▶ **Provided data**:
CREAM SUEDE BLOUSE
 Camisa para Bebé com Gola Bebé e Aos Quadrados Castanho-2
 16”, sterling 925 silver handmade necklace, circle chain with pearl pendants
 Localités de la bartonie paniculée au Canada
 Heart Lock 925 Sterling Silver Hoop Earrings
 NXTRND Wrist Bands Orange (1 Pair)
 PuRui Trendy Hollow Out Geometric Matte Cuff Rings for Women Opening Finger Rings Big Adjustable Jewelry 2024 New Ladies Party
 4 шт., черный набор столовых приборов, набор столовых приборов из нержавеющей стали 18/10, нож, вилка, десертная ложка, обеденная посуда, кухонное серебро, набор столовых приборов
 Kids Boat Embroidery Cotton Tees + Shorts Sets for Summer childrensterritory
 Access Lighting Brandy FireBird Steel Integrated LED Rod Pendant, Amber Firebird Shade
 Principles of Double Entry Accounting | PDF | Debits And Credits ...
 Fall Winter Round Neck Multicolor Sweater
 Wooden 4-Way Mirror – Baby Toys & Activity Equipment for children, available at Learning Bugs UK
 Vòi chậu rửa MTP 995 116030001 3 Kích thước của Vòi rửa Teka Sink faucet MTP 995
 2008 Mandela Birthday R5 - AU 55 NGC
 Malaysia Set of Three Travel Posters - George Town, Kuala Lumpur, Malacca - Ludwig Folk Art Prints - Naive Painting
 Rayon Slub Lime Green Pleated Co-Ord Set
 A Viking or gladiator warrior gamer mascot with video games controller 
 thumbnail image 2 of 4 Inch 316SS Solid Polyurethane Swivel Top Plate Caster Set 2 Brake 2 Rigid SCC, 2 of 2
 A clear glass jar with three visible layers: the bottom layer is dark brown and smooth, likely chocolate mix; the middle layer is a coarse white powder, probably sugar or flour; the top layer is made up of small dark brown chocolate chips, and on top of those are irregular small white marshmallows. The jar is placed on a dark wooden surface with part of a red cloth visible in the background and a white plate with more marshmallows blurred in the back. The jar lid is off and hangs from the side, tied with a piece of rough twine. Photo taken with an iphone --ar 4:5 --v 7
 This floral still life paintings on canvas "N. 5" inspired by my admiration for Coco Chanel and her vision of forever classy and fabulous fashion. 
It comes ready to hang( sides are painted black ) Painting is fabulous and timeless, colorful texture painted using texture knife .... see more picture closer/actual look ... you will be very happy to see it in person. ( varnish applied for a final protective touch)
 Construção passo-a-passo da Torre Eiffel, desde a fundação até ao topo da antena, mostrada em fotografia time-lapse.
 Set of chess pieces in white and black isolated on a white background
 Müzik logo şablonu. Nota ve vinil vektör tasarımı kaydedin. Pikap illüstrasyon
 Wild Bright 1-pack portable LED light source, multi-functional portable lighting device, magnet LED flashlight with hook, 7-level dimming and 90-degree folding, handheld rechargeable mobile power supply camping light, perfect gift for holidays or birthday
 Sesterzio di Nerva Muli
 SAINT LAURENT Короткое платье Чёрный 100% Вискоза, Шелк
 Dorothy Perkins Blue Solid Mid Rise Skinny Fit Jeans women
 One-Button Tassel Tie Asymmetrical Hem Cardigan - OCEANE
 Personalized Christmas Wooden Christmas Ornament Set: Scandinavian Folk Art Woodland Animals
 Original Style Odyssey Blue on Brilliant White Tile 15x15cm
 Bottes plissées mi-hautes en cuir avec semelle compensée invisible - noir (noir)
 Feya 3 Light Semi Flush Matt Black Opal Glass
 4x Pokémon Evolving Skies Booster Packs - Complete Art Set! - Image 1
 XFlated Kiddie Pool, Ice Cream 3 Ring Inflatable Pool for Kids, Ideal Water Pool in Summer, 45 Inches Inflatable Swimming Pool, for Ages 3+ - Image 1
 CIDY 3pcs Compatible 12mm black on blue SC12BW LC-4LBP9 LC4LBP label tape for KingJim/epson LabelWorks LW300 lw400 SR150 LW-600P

▶ **What is being asked**: From the first line of the records above to the line that contains "NXTRND Wrist Bands Orange (1 Pair)", quote each line exactly.

▶ **Written response**:
CREAM SUEDE BLOUSE
 Camisa para Bebé com Gola Bebé e Aos Quadrados Castanho-2
 16”, sterling 925 silver handmade necklace, circle chain with pearl pendants
 Localités de la bartonie paniculée au Canada
 Heart Lock 925 Sterling Silver Hoop Earrings
 NXTRND Wrist Bands Orange (1 Pair)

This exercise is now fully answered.